Les commentaires du BOFIP avaient prévu un système qui permettait d’éviter tout coût de TVA en raison du démembrement de propriété lorsque l’immeuble est utilisé par un usufruitier récupérateur de TVA.

Un arrêt de la CAA de Bordeaux du 10 mars 2016, n° 14BX03561, SCI Marguerite a jugé que ce système n’était pas applicable en cas de démembrement ab initio, d’où l’apparition, au final, d’un coût de TVA.

La réponse ministérielle Pauget du 2 avril 2019 vient « corriger le tir ». Cela étant, cette réponse ne concerne que la « première partie du film », c’est-à-dire le transfert de la TVA à l’usufruitier par le nu-propriétaire, et non pas la fin, à savoir l’extinction de l’usufruit.

Comme tout ceci n’a rien d’évident, la nouvelle question écrite vient proposer un scénario pour ne pas laisser l’oeuvre inachevée et éviter, à nouveau, tout coût de TVA à l’extinction de l’usufruit.

Consulter la QE 39881.

20
Mai

CJUE – conclusions de l’avocat général en défaveur de la TVA sur marge

 

L’avocat général a présenté ce matin ses conclusions dans l’affaire Icade Promotion Logement (aff. 299/20).

L’avocat général propose à la CJUE de répondre de manière suivante aux questions posées par le Conseil d’Etat (voir notre article en date du 29 juin 2020) :

– la TVA sur marge est applicable à des opérations de livraison de terrains à bâtir aussi bien lorsque leur acquisition a été soumise à la TVA, sans que l’assujetti qui les revend ait eu le droit de déduire cette taxe, que lorsque leur acquisition n’a pas été soumise à la TVA au motif que cette opération ne relevait pas du champ d’application de celle‑ci, alors que le prix auquel l’assujetti-revendeur a acquis ces biens incorpore un montant de TVA qui a été acquitté en amont par le vendeur initial (non assujetti, par un particulier par exemple).

– la TVA sur marge ne s’applique pas à des opérations de livraison de terrains à bâtir dont l’acquisition initiale en tant que terrains non bâtis était « exonérée du champ d’application de cette directive » (on comprend exonérée de TVA).

– la TVA sur marge ne peut pas s’appliquer à des opérations de livraison de terrains à bâtir lorsque ces terrains ont été acquis « non bâtis » par l’assujetti-revendeur (on comprend terrain qui n’est pas qualifié de terrain à bâtir).

– la TVA sur marge ne s’applique pas à la revente d’un terrain, qui a fait l’objet, entre le moment de son acquisition et celui de sa revente, de modifications de ses caractéristiques telles que la réalisation de travaux permettant leur desserte par divers réseaux (voirie, eau potable, électricité, gaz, assainissement, télécommunications).

– toutefois, la TVA sur marge s’applique dans le cas de figure où, entre le moment de l’acquisition initiale d’un terrain à bâtir et celui de sa revente, les transformations subies par ce terrain sont limitées à la division de celui‑ci en lots.

Prochaine étape : arrêt de la Cour.

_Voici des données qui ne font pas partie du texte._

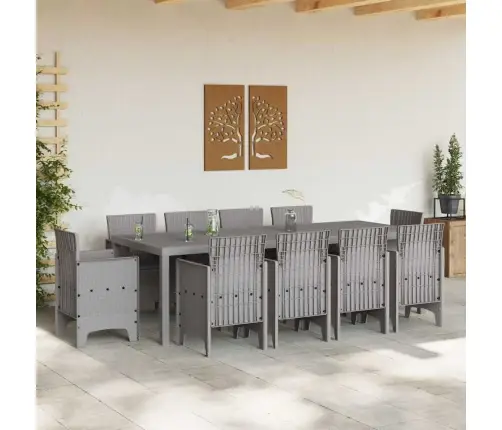 Sodo Valgomojo Komplektas 11 Pcs Šviesiai Pilka Polipropilenas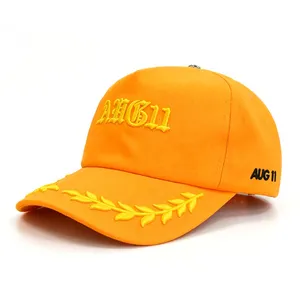 Baseball Cap Hard Structured Curved Visor Leaf Embroidery Unisex Street Fashion Headwear Custom Logo Available thumbnail-5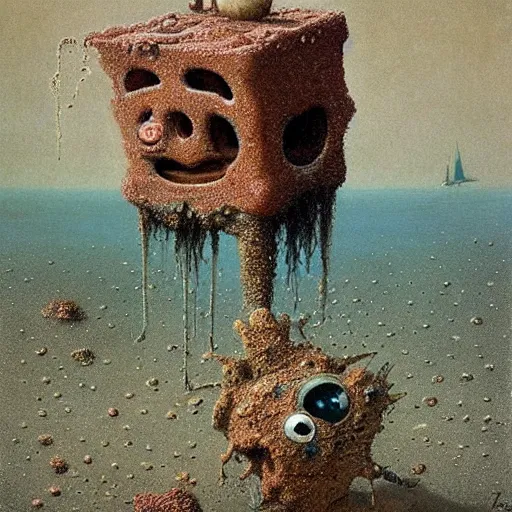 Image similar to dessicated spongebob rotting at the bottom of the sea beksinski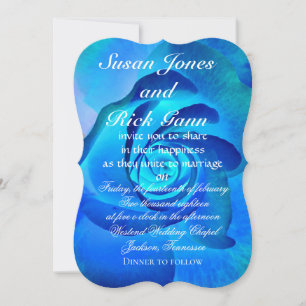 Invitation Élégant Mariage de l'Modèle Royal Blue Floral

A noter que la Cour peut retenir une autre analyse.

Selon l’analyse qui pourrait être retenue par la Cour, la TVA sur marge pourrait, dans certains cas, laisser place à une TVA sur prix et les droits de mutation de 5,80% seraient alors réduits à 0,715%.

On relèvera que les questions préjudicielles posées par la CAA de Lyon font l’objet d’une procédure distincte.

Pour ceux qui veulent creuser le sujet au niveau communautaire, nous renvoyons aux travaux de la directive que nous avions publiés dans un article en date du 25 novembre 2019.

Consulter les conclusions

 Nota du 22 septembre 2021 : l’arrêt est prévu pour le 30 septembre.